▸ TASK MATERIAL
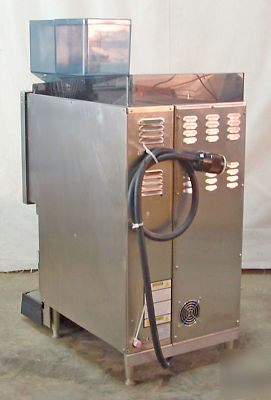 Schaerer E6-mu espresso and latte machine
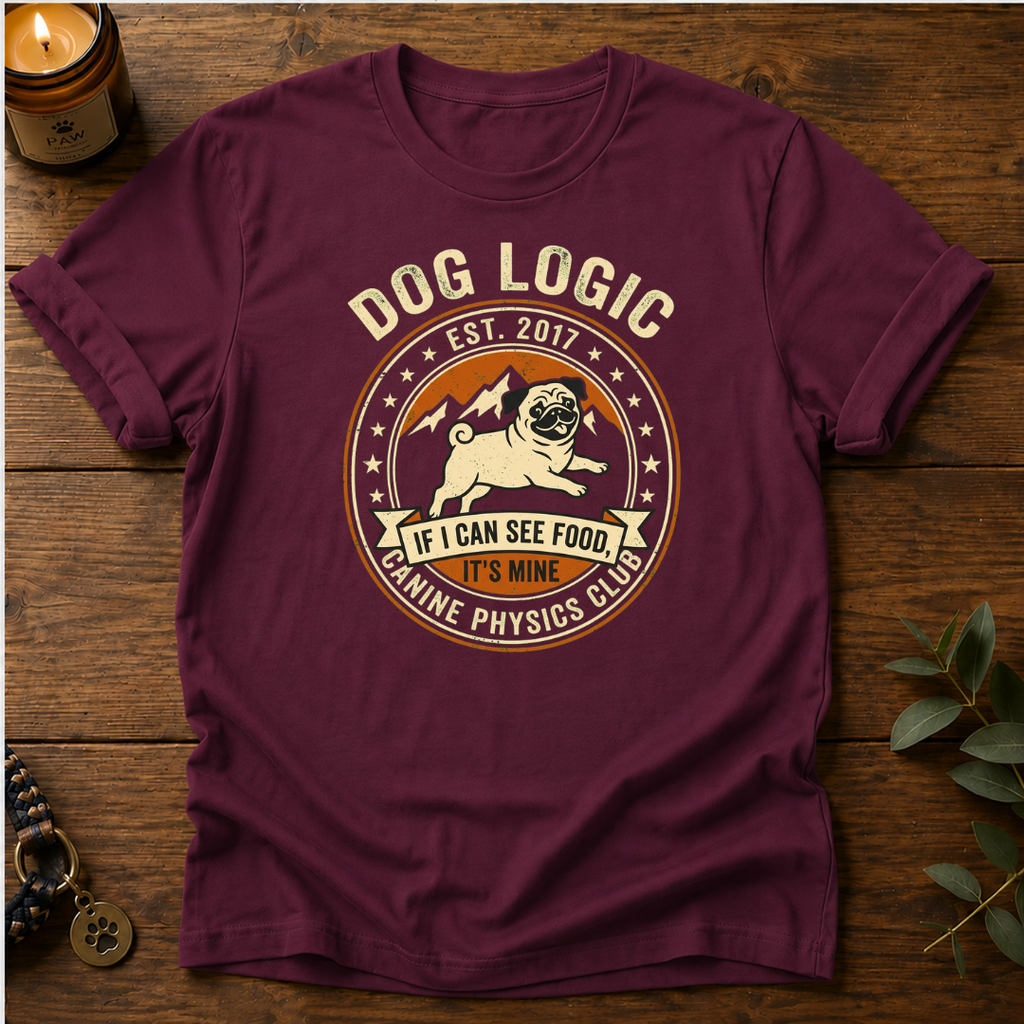 Dog Logic T-Shirt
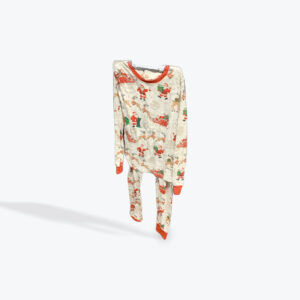 Pj place xmas pjs kids size 12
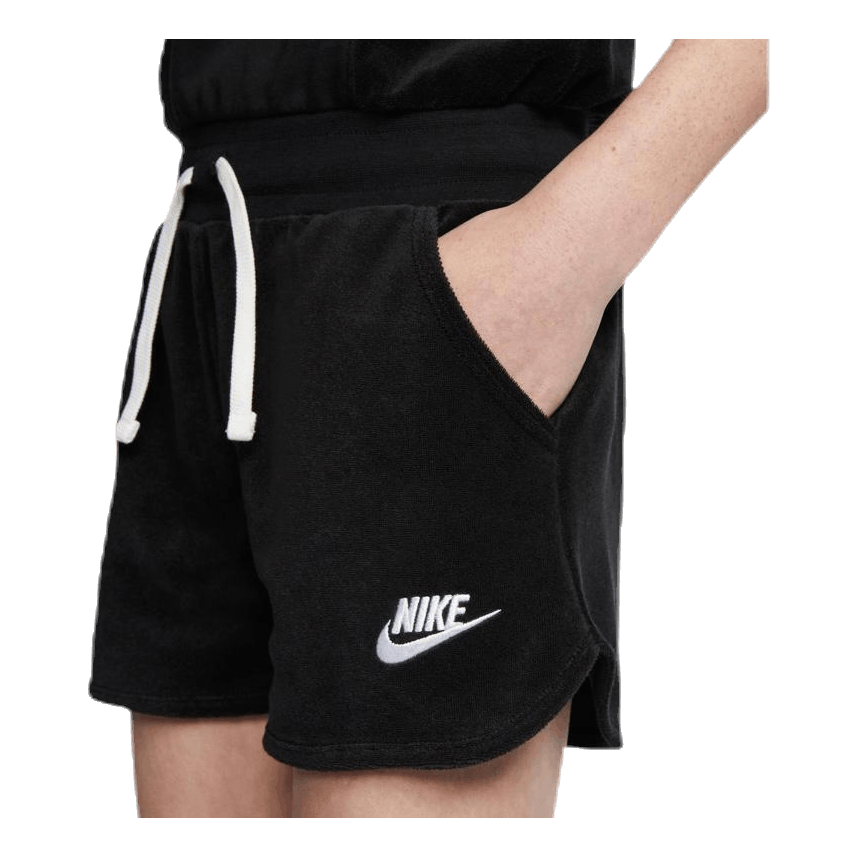 Heritage Romper Jr Black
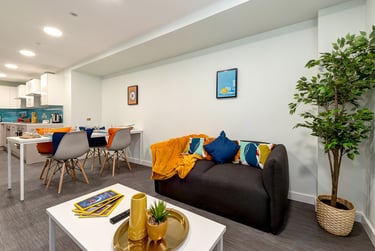 Carrick View Student Halls, 110 Kimberley Park Road, City Centre, Falmouth, TR11 2FF - Image 4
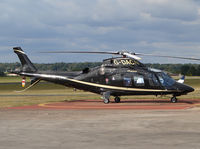 G-DACN @ EGBO - Agusta A109S Grand - by Robert Beaver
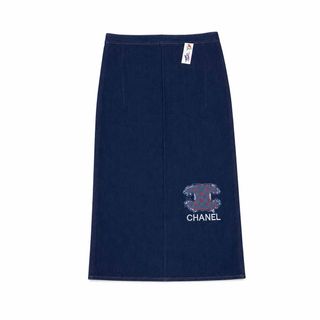 váy chống nắng jeans
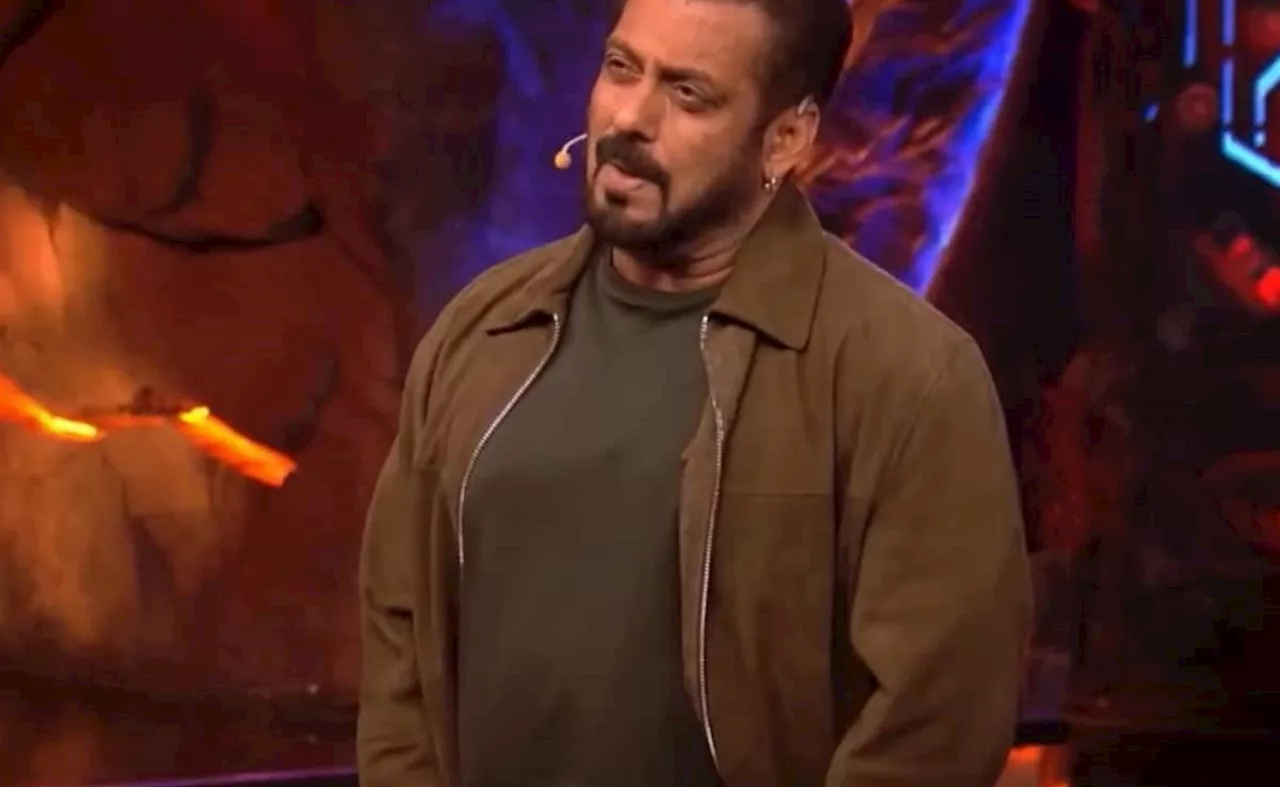 Bigg Boss 18 Weekend Ka Vaar Promo: Salman Khan Bashes Kashish Kapoor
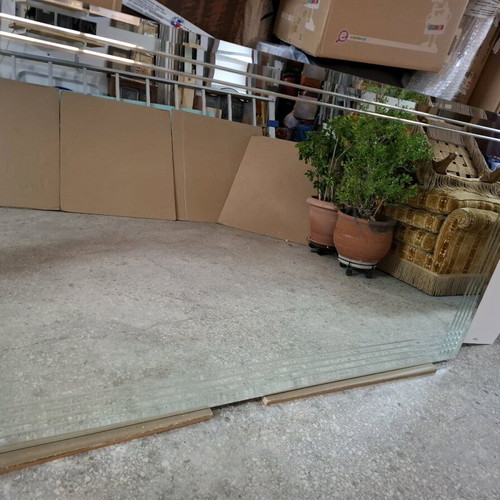 Mirror 213x110 cm like new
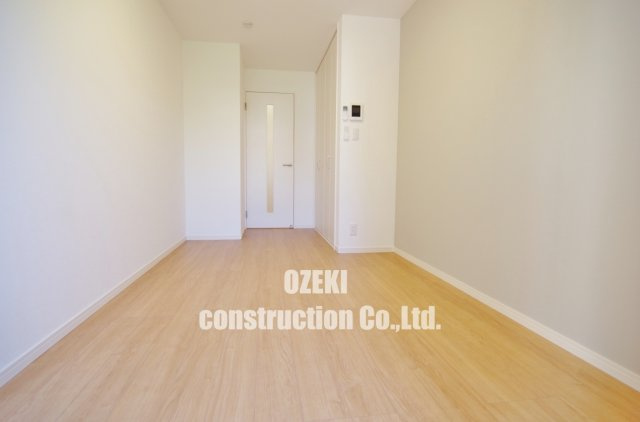 エルダーフラワー北越谷の寝室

▸ TASK BRIEF
Beginning with the line that holds "Bigg Boss 18" and continuing to the end of the entries above, set down each line exactly, both ends included; include no pictures.

▸ TASK OUTPUT
 Bigg Boss 18 Weekend Ka Vaar Promo: Salman Khan Bashes Kashish Kapoor
 Mirror 213x110 cm like new
 エルダーフラワー北越谷の寝室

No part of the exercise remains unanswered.